Title: The Tale of the Ramble On: a futuristic ghost story
Fandom: none, though there's a heavy Firefly influence
Rating: PG I s'pose
Notes: this is what comes from binging on Firefly. Well, this and an urge to talk in their parlance and swear in Chinese. ^_^
Also: if you have the song (
Ramble On by Led Zeppelin), listen to it when reading this (it adds a whole other dimension!). :D if not, you can download it from the above link (WMA format @ mediafire)
A couple centuries in the future, they have a tale that gets told by old spacemen who’ve been out in the black maybe a bit too long. They say there’s a ship, a drifter, ‘round near the Cygni 5 belt that’s been abandoned for decades, a relic of the early days of space pioneering. Like any good ghost story, they say it has a tragic past.
Now I s'pose you'd be wanting to hear about this ship? Well, gimme a minute to settle down and get a drink. Let's see if I remember how it goes...

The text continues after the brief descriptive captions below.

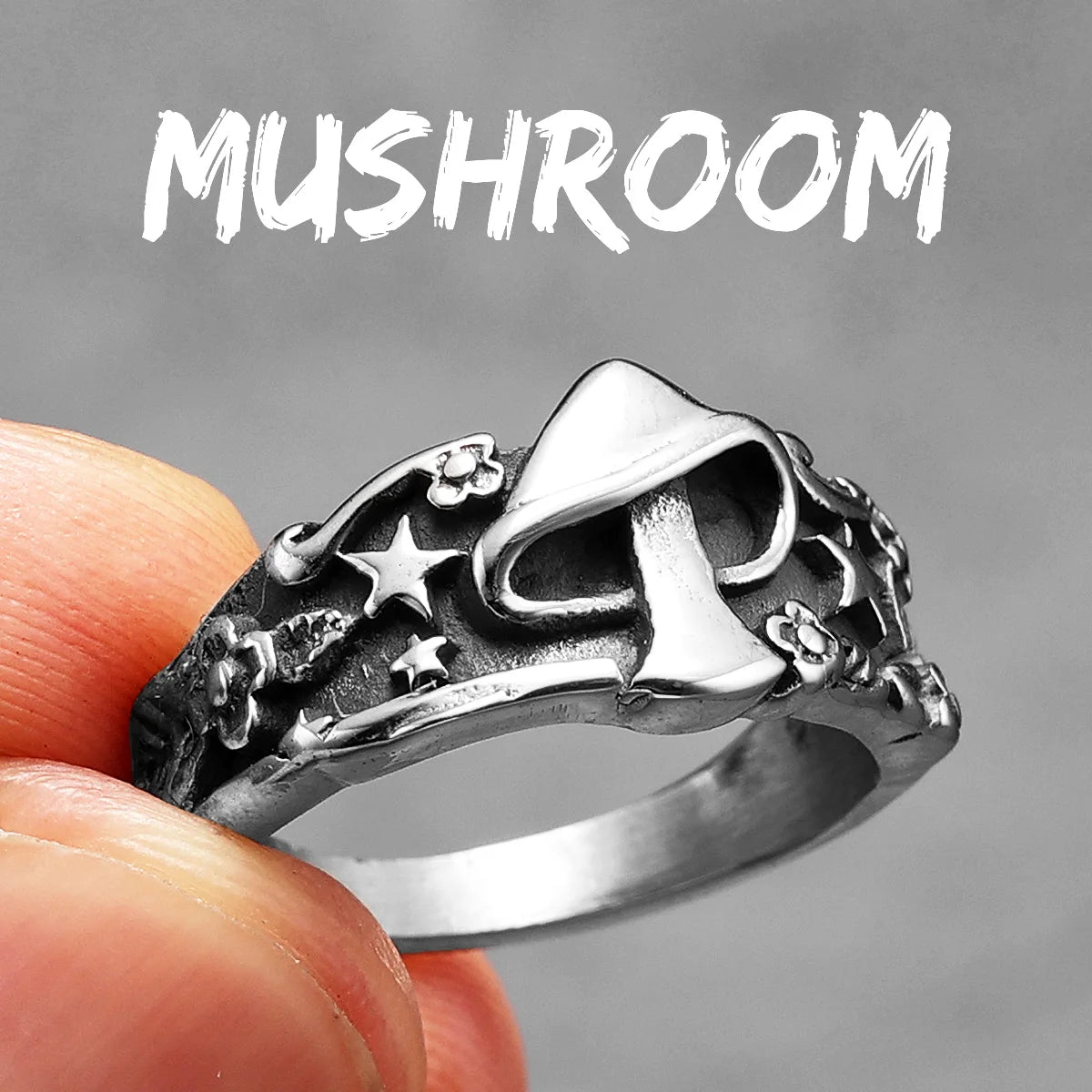 Mushroom Star | 3D No Fade Stainless Steel Men's Retro Fashion Rings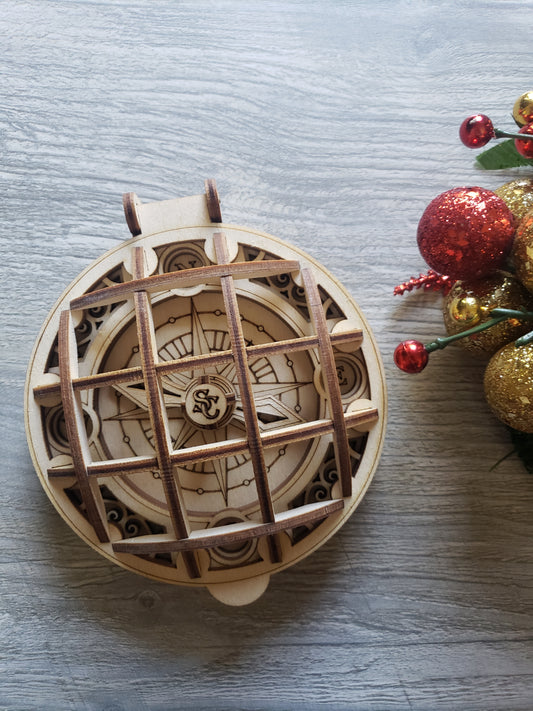 Santa Compass with NORAD QR code Christmas Ornament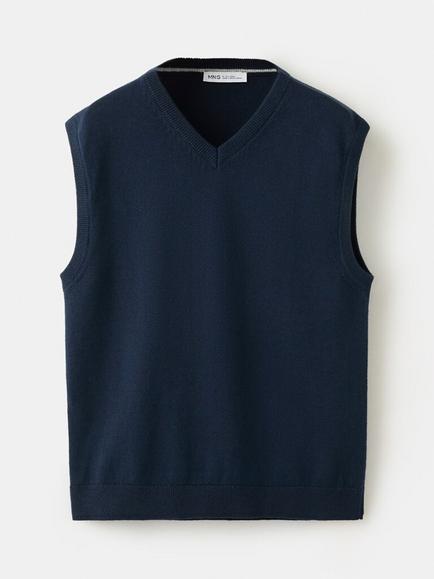 Mango Kids' Cotton V-Neck Gilet, Navy, Navy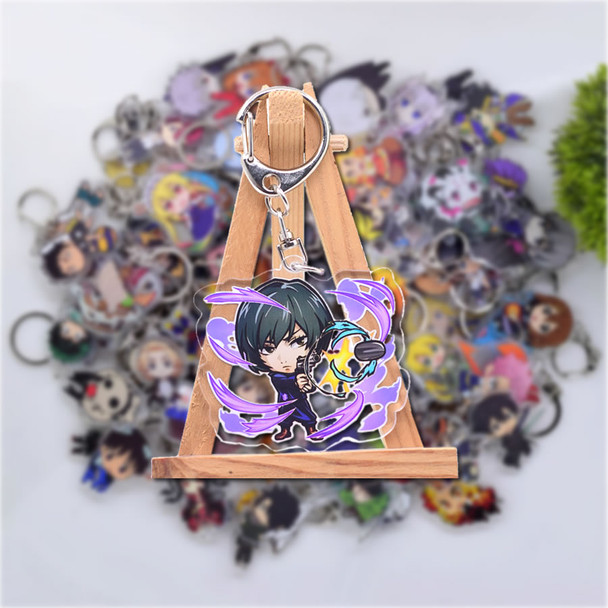 100pcs/Lot Hundreds of Styles Acrylic Keychain Customized Key Chain Anime Keyring Chibi Pendant Accessories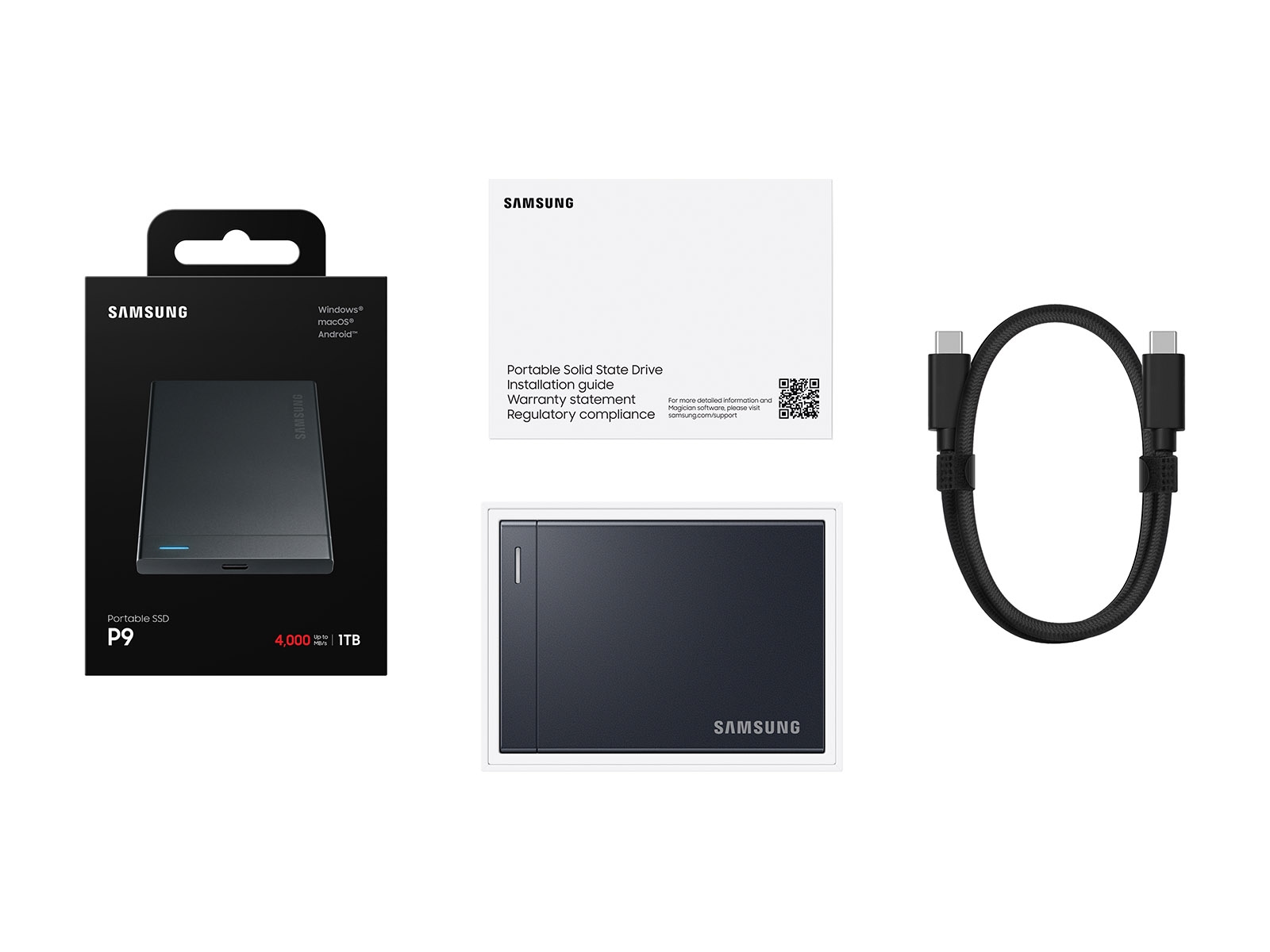 Portable SSD P9 Portable SSD USB 4 Gen 3x2 1TB Gray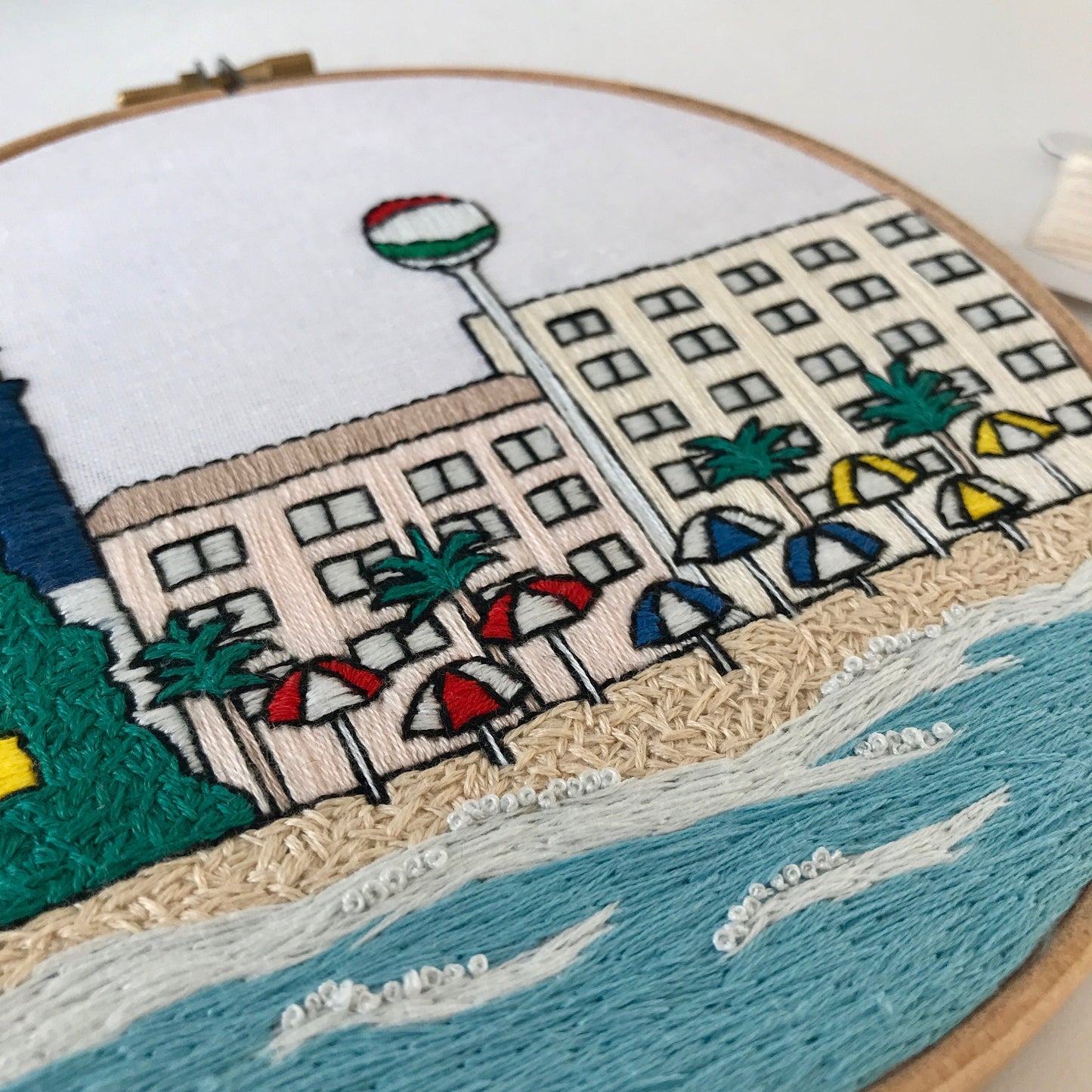 Pensacola Beach, FL, Seascape - Hand Embroidery Pattern (PDF)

The ship set out from the old spaceyards of Delphi in the fall of ’83 (that’s 2183, to be exact) in a spirit of new discovery. In nostalgia for some of the culture of old earth, they named her after a song that had been popular some 200 years before-a song that had been written about a book, actually, one of the great Earth classics. The Ramble On, so the story goes, left Delphi with a cargo of supplies for the more remote moons and a host of passengers. This is the part where I’m supposed to say something like "and they were never heard from again," but that wasn’t the case. The Ramble On served a good eleven years of service, moving stuff from one end of the system to the other. Weren’t many willing to make the trip in those days, so folks came to depend on her and her crew for medicines and equipment and anything they couldn’t fashion or grow themselves. The crew had a joke, a gimmick: their signature move was, when they got into atmo, to start blasting that song-the one they were named for-from external speakers and on all radio frequencies, to let people know they’d arrived. The sound would carry for miles, and everyone knew the ship had come in.
Toward the end of her first decade of service, however, the crew of the Ramble On started reporting problems with the ship, phantom bugs and glitches in the equipment that no mechanic could ever pinpoint. Still, the ship carried out her duties as long as she could fly; people depended on the supplies she ferried and the crew wouldn’t let ‘em down.
But one day, they were late to an arranged drop, and no one had heard from the Ramble On in weeks. The ship never did show up. Search parties were sent out, of course, but nothing ever turned up; the only clue was an unverified report from a scavenger crew about a ship matching the description of the Ramble On, completely empty and all pods ejected. They said they found it by following this “eerie-ass music” they’d picked up from their equipment. There was no word as to where they’d found said relic, of course. Scavengers are notoriously tight-lipped about their finds.
And that’s the last anyone heard of the Ramble On for years, until the stories started coming in of a ship, a ghost ship out in the black, trundling back and forth in her deliveries. It’s said if you follow it a while, eventually it’ll disappear or lead you to destruction. Sometimes there’s no ship, just a tinny crackle over the radio of a long-forgotten song, a signal from nowhere in particular. Pilots go out of their way to avoid that section of space, sometimes adding parsecs and parsecs onto their travels.
I don’t blame them. It’s downright eerie. Yes, before you ask. I’ve heard it. Years and years ago, I had a captain who didn’t care about the stories and wanted to shave off some time on the way to one of Arcadia's moons. A fair number of the crew were spooked, but the captain didn’t listen. Sure enough, we started picking up a weak signal going through the Cygni 5 belt. They put it through the ship’s comm so everyone could hear it. This tinny little song playing all crackly over the speakers, echoing through the ship. I got goosebumps, let me tell you. The music slowly faded in for the better part of a quarter hour, then slowly, slowly faded out again, playing that blasted song over and over again. And then it was gone. I've never heard it again, but every so often when someone comes into port somewhere talkin' about ghost ships in the black and music from nowhere, I know the Ramble On is still out there, making her way through the stars with naught but that song to keep her company.